# Would a female or male be better?



## GigHarborGSD (Dec 7, 2015)

We are going to get a GSD puppy, hopefully this summer. Right now we have a 2.5 year old female Irish Setter who is submissive. She is spayed, loves other dogs and just loves to play. She has tons of energy and is a sweetheart.

What do you think would be better match, a male or female? Would a female puppy be fine? We will end up spaying or neutering either way, whichever sex we decide on. 

Thanks for your help!


----------



## Mrs.P (Nov 19, 2012)

Sent you a Pm


----------



## Nikitta (Nov 10, 2011)

Males are better choice with a female already there.


----------



## sitstay (Jan 20, 2003)

I think a male would be your best bet. GSDs are kind of notorious for same-sex aggression (especially with the females). Adding a puppy doesn't make much of a difference, in my experience. Everything is good until one day the puppy has matured and then it isn't very good. 

Stack the deck in your favor and get a male. You have a much better chance of a peaceful home that way.
Sheilah


----------



## Fodder (Oct 21, 2007)

either can workout but typically if someone is asking I stick to the general rule of thumb to go with the oposite sex. it can take a bit of experienced handling (and time and space) to keep girls together if problems did arise and I just assume that those capable and willing to do so already know the answer to this question, ya know. unless you have a strong preference for a female, why not stack the cards in your favor?

personally - even if the setter is submissive, you may not have problems in your household but my concern would be with a spicy little shepherd girl having the practice or illusion of dominance over her and have it cause conflict with dogs outside of the home who don't automatically respond in a submissive manner. so, I'd go with a male.


----------



## GigHarborGSD (Dec 7, 2015)

Mrs.P said:


> Sent you a Pm


Thanks!

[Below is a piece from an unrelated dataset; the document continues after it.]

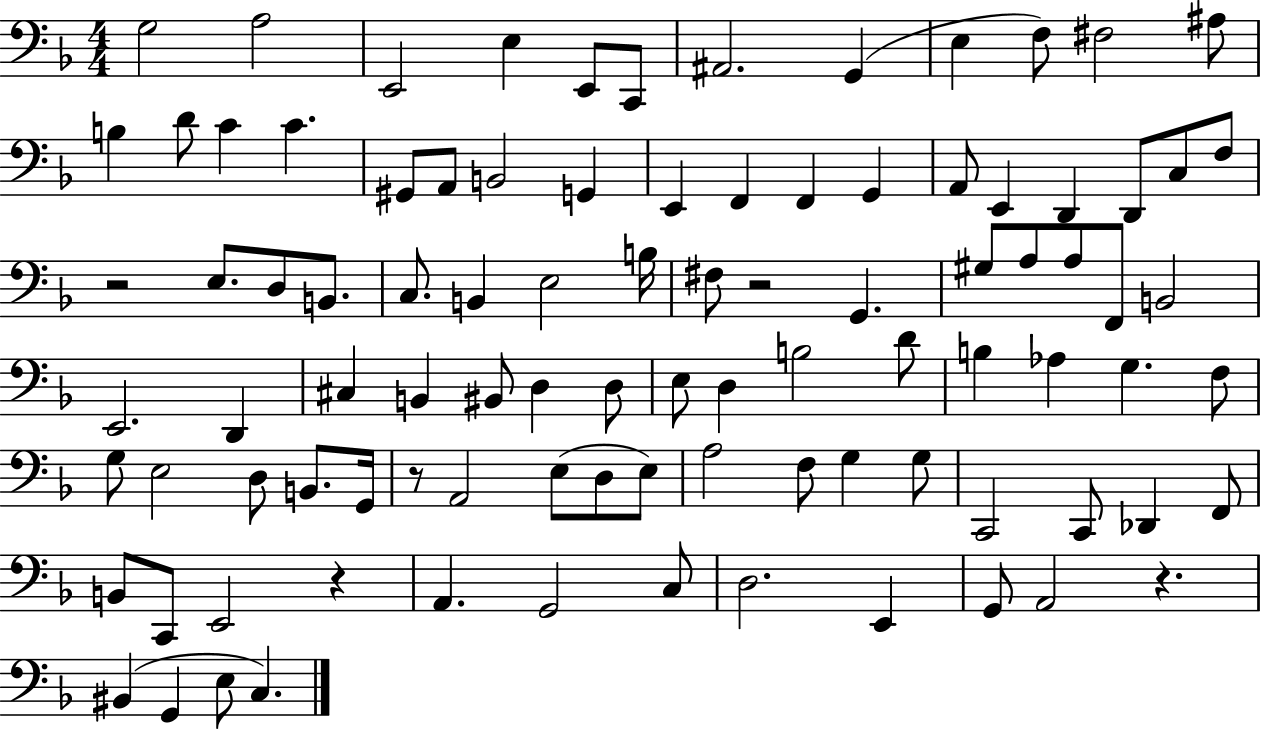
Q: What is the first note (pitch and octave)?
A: G3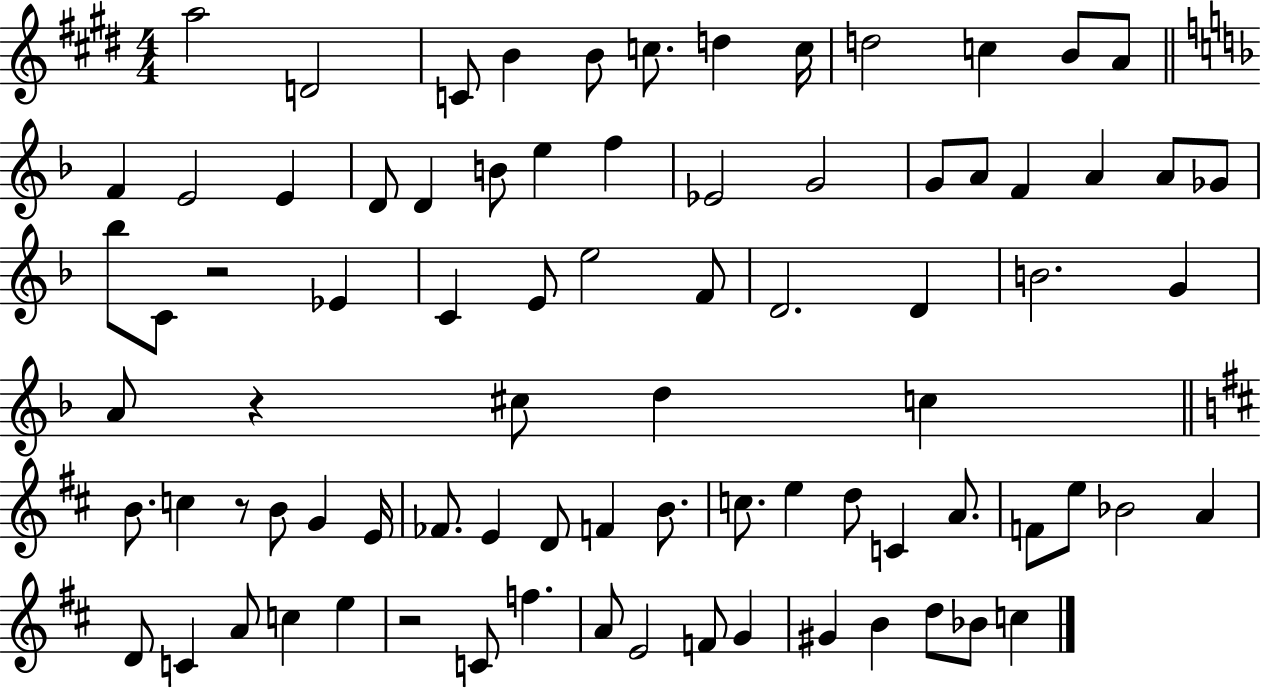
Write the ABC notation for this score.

Got it. I would've responded through pm, but it says I can't respond until I have 15 posts. I'll respond to your pm once I get enough posts.

I will definitely check them out.


----------



## GigHarborGSD (Dec 7, 2015)

Thanks for the responses. Good points that I hadn't though of, like dogs outside of the home who don't respond in a submissive manner. 

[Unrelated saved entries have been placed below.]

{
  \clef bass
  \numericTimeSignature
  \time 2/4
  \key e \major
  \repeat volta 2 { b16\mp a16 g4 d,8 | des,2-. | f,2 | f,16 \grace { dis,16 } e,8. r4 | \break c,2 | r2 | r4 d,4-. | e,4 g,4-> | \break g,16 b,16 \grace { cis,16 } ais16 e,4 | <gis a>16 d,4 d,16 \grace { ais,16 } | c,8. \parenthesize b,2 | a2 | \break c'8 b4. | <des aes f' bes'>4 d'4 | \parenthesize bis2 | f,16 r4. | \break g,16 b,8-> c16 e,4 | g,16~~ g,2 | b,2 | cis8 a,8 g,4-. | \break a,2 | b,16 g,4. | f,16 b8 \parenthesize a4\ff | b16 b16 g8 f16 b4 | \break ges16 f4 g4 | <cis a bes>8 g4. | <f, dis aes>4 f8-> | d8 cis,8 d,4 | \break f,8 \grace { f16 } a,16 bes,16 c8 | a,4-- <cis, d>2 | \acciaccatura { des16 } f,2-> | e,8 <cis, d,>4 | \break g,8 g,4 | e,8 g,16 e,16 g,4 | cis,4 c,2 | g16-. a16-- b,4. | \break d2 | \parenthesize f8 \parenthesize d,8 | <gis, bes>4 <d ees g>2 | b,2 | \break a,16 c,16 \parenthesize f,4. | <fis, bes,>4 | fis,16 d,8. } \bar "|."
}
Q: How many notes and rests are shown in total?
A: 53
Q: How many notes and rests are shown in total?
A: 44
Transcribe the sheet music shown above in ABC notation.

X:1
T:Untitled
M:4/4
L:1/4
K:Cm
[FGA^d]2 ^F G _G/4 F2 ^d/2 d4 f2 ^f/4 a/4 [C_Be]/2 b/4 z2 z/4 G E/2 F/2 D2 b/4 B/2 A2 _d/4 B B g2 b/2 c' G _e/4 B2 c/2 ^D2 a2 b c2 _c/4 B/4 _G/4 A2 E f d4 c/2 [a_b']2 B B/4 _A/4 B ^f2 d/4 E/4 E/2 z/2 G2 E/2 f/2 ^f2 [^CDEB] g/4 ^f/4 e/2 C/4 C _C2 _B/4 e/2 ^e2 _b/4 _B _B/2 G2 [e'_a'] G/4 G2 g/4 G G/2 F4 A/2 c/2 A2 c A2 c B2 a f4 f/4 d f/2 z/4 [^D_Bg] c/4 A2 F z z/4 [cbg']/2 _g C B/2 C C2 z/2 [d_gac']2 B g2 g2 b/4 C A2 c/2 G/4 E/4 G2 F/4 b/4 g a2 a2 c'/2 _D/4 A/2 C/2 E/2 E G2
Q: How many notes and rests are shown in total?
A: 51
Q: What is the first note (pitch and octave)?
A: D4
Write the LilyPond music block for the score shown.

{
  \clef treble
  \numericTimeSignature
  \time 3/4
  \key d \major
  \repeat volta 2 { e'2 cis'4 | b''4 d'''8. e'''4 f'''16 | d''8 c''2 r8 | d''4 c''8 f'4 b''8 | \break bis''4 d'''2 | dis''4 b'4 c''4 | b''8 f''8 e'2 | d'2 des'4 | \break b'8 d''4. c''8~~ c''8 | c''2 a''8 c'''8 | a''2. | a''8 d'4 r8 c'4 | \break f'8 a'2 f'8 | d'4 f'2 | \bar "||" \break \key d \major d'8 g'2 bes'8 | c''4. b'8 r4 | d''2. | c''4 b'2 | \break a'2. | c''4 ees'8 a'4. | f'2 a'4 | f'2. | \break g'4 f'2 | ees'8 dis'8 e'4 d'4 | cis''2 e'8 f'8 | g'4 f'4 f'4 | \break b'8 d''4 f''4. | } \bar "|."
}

I most definitely would like to stack the deck in my favor, like a couple of you suggested. I wouldn't want to jeopardize anything with our setter. Of course I know anything could happen with any two dogs.


----------



## Stonevintage (Aug 26, 2014)

Male. You wouldn't think it but those female Irish Setters can be absolute terrors around another female dog if they are used to ruling a roost. There were battles that went on for months when my female GSD/AST was introduced into the farm pack.


----------



## GigHarborGSD (Dec 7, 2015)

Stonevintage said:


> Male. You wouldn't think it but those female Irish Setters can be absolute terrors around another female dog if they are used to ruling a roost. There were battles that went on for months when my female GSD/AST was introduced into the farm pack.


Thanks for the message, and that's a good point. I don't envision my setter being a terror. We've had several dogs visit our house before and she has always been great. Not territorial at all. I'm sure that could be different if those dogs actually lived in our house and weren't just visiting. Well it seems that everyone is suggesting a male, so that is what we will go with .


----------



## WateryTart (Sep 25, 2013)

Nikitta said:


> Males are better choice with a female already there.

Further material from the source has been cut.